Items listed in a dataset:
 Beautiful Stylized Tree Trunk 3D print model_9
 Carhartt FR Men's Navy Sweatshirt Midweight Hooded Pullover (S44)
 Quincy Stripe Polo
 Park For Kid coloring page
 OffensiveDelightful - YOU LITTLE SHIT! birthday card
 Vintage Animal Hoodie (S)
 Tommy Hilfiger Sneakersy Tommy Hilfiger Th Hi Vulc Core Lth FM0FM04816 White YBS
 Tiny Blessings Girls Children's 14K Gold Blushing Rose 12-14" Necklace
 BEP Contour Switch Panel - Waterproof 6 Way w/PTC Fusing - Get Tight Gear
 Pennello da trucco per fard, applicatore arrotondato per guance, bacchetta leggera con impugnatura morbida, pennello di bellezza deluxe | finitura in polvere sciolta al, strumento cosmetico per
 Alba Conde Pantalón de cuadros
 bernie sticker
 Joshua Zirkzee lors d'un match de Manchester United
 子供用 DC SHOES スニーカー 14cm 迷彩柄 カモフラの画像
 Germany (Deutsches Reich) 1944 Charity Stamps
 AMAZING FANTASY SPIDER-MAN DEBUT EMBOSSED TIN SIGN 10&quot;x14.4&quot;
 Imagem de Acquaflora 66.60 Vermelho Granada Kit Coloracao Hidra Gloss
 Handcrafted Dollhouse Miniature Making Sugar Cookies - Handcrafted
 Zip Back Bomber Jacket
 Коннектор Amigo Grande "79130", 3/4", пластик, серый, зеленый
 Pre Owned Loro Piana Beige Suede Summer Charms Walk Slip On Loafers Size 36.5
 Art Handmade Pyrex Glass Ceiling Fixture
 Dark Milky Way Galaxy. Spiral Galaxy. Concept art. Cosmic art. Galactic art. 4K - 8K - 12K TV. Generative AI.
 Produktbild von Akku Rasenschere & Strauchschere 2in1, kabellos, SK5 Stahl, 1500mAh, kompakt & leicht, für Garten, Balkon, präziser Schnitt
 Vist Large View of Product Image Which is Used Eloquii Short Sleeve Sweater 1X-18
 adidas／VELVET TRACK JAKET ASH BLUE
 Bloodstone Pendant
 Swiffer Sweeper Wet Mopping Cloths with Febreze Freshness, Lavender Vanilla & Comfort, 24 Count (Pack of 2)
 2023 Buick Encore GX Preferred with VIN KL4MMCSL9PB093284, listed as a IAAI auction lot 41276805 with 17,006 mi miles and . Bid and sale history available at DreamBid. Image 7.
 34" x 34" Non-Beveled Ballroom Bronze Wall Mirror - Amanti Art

• TASK GOAL: Go through the data and show each line that holds "with".

• SOLUTION:
 Swiffer Sweeper Wet Mopping Cloths with Febreze Freshness, Lavender Vanilla & Comfort, 24 Count (Pack of 2)
 2023 Buick Encore GX Preferred with VIN KL4MMCSL9PB093284, listed as a IAAI auction lot 41276805 with 17,006 mi miles and . Bid and sale history available at DreamBid. Image 7.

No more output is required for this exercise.